En la mitad del siglo XIX, la Inglaterra protestante conoció un movimiento de vuelta a la fe católica. Entre los convertidos más ilustres, es suficiente mencionar los nombres de Newman y Faber. Los oblatos se establecieron en Gran Bretaña antes (1842) y en Irlanda (1856). Muy temprano, los padres Casimir Aubert y Robert Cooke, gracias a su predicación popular, difundieron la Verdad que produjo frutos abundantes.

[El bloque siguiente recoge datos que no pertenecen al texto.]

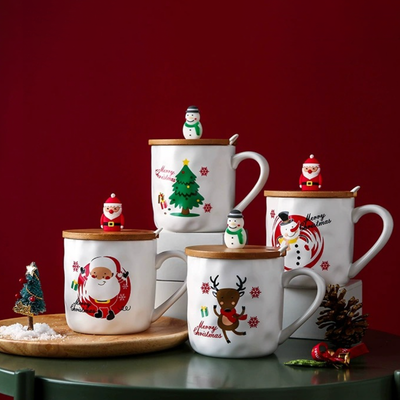 Christmas Cup With Wooden Lid
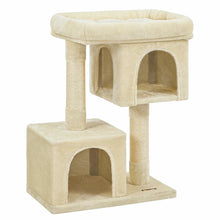 Load image into Gallery viewer, Wooden Cat Tree Scratching Post with Natural Sisal
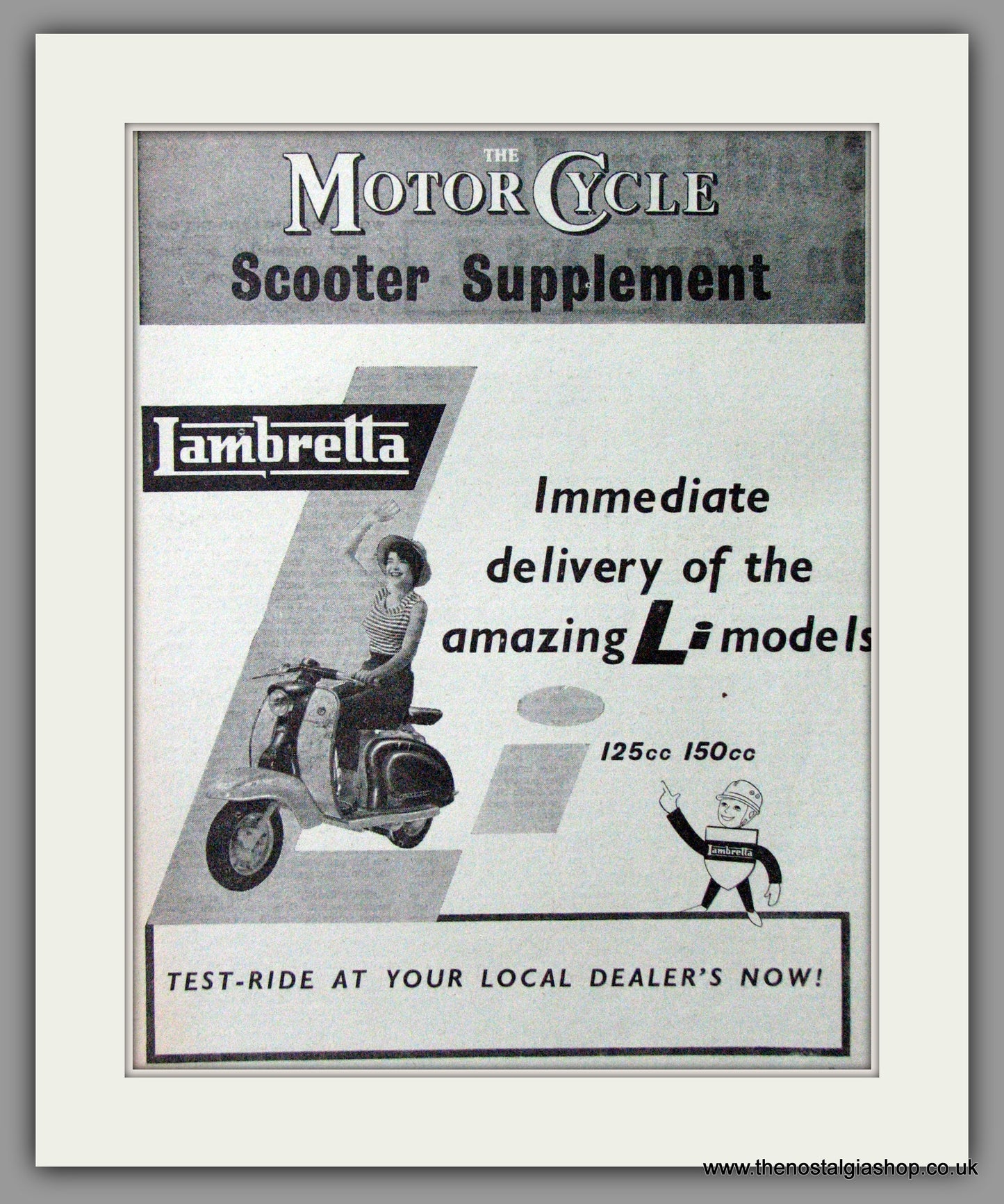 Lambretta Li 125, Li 150. Original advert 1959 (ref AD52525)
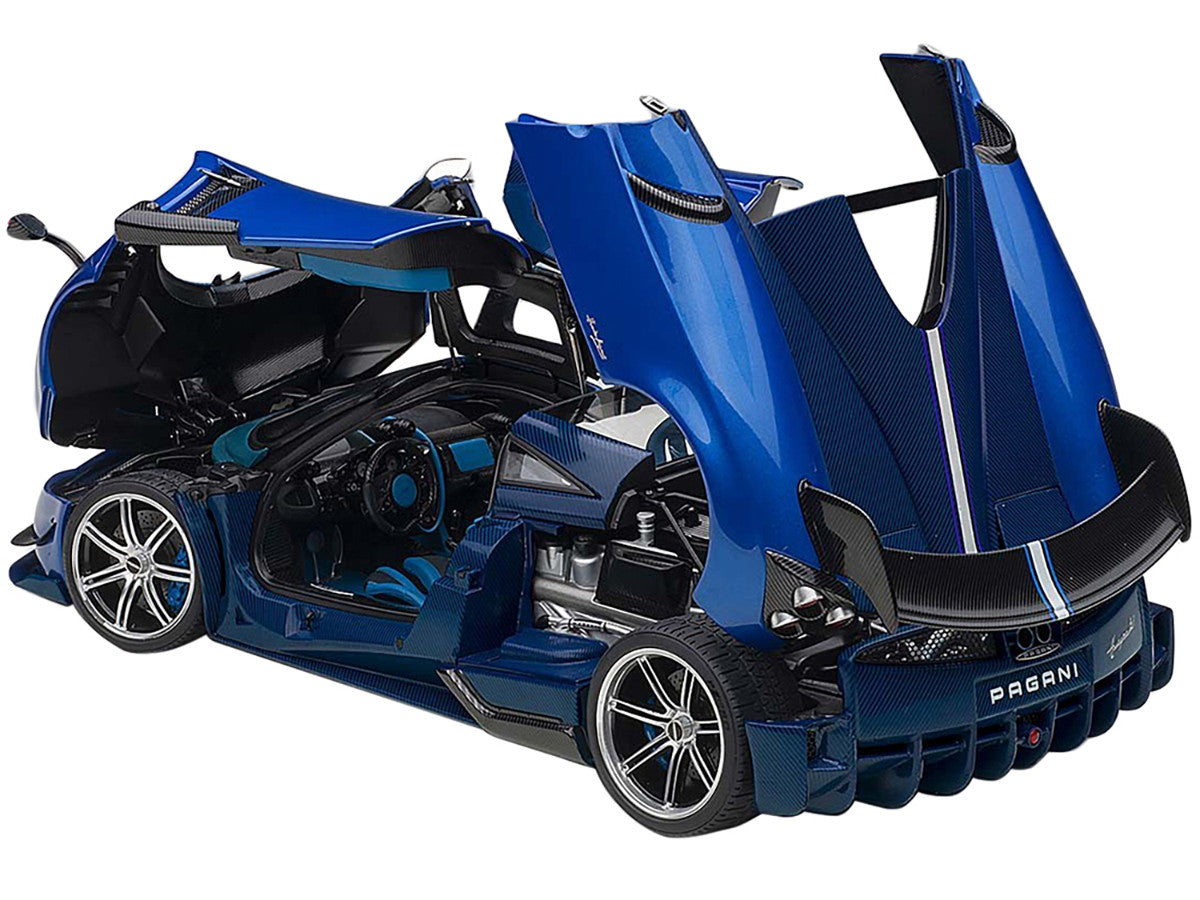 Pagani Huayra BC Blu Francia / Candy Blue Metallic with Carbon Accents 1/18 Model Car by Autoart LuxuryLifeWay Online Store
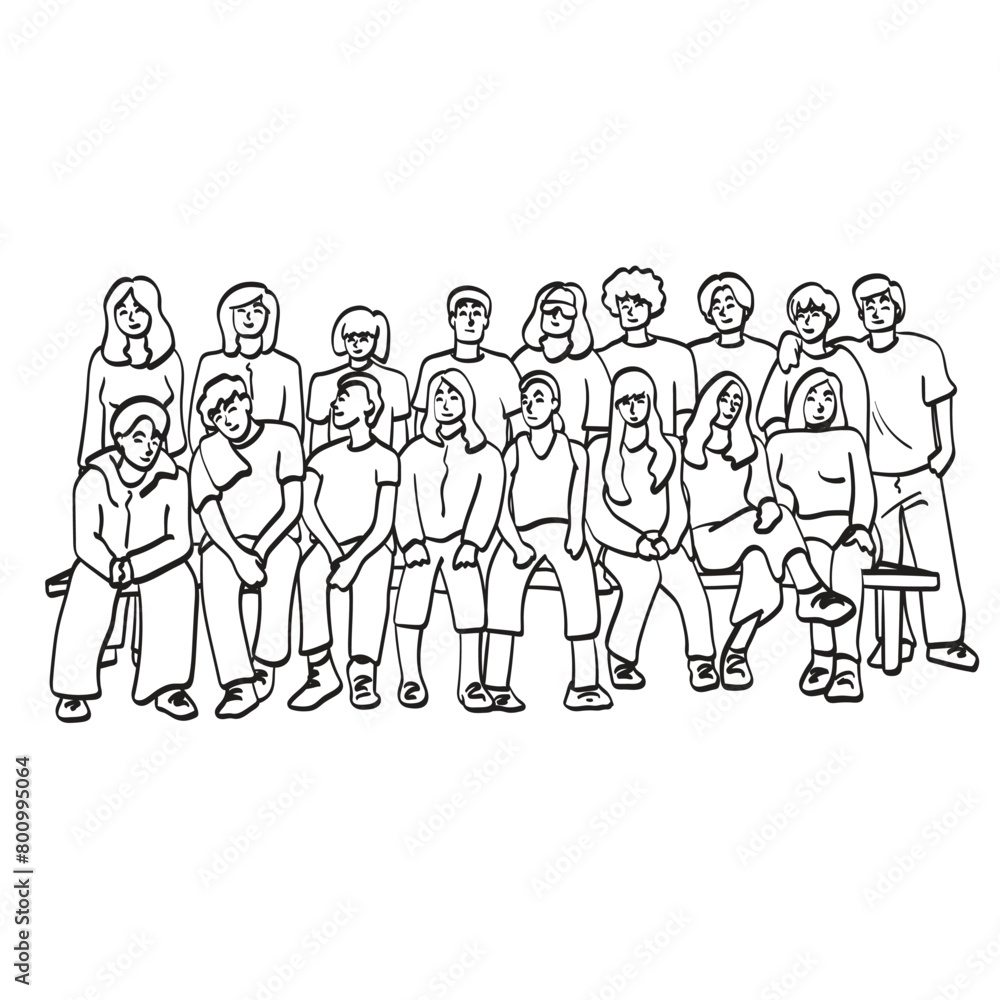 people sitting and standing together illustration vector hand drawn isolated on white background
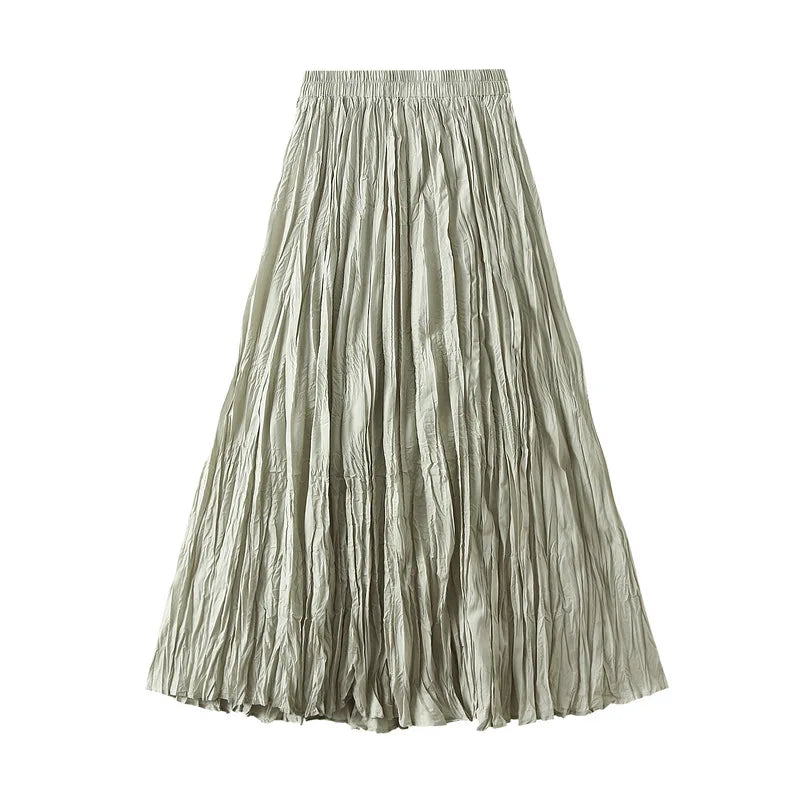 Streamgirl Women Summer Skirts Long Pleated A Line Elegant Solid Big Swing Maxi Skirt Ladies Blue White Beach Skirt Women Luxury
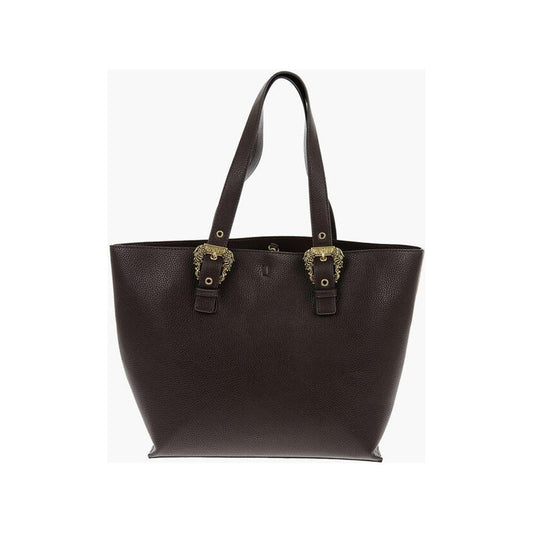 Versace Versace JEANS COUTURE Textured Faux Leather Tote Bag with Golden Buc VEP537725GD 1728,74866327712,Bags,Brown,New with tags,Shoulder Bags - Women - Bags,Versace,Women,Women - Bags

Una conversión, marcada por circunstancias extraordinarias, suscitó, en 1860, una fuerte emoción en la ciudad de Dungary, en el sur de Irlanda. En el mes de agosto de ese año, los oblatos hicieron una misión ahí. Un agente de policía, protestante y que la población conocía muy bien, se puso unas preguntas acerca de la sinceridad de su fe. Un versículo del Evangelio ya le había sacudido con respecto a la presencia real: “Yo soy el pan vivo que descendió del cielo; si alguno comiere de este pan, vivirá para siempre”.

 

Un crucifijo luminoso
Una noche del retiro, cuenta, estaba sentado a la mesa con unos compañeros para una partida de cartas. Ganaba más a menudo de lo normal. Por un lado, me sentía presionado para ir a escuchar el sermón en la iglesia católica y, por otro, el demonio de la codicia se esforzaba por retenerme. En fin, me levanto para salir. Mis compañeros se niegan. Les echo el dinero en la mesa y siento el impulso de la gracia. En la iglesia, el sermón había acabado, pero una procesión de penitencia desfilaba en las calles cercanas. En medio de una muchedumbre de 3000 personas, unos hombres llevaban en alto un gran y hermoso crucifijo. Al ver a este Jesús crucificado, me impresioné muchísimo. Estaba ahí, inmóvil, sumergido en un sentimiento de admiración y de amor. De repente, una luz deslumbrante surgió del crucifijo. En esta luz, vi todos los pecados de mi vida. Me afectó un dolor tal que di un grito y caí de rodillas. El ejercicio acabó, la muchedumbre se dispersó, excepto un pequeño número de amigos que se quedaron cerca de mí. Retomé los sentidos y fue entonces que el deseo de convertirme al catolicismo surgió irresistiblemente en mi espíritu. Mi instrucción duró algunos meses y con una alegría indecible recibí el bautismo.

Este nuevo convertido se llama Philippe Mulligan. Seis años más tarde, entraba en los oblatos. Después de la emisión de sus votos, en 1867, recibía una obediencia para el Basutoland, en calidad de hermano. Religioso hecho y derecho, modelo de regularidad y de fervor, enseñó inglés durante más de cuarenta y cinco años. Inútil añadir que siempre guardó una atracción especial por los crucifijos. Durante la inauguración de una iglesia en la misión de Sion, dio a conocer al padre Montel, su superior, sus impresiones: “Esta iglesia, dijo, aunque es modesta, es perfectamente conveniente para un país de misión. Pero falta algo… falta un crucifijo… Si usted escribiera a los amigos de Irlanda… ¿Quizás?”.

El hermano Mulligan vio su deseo satisfecho antes de morir, el 11 de junio de 1915, a los setenta y ocho años.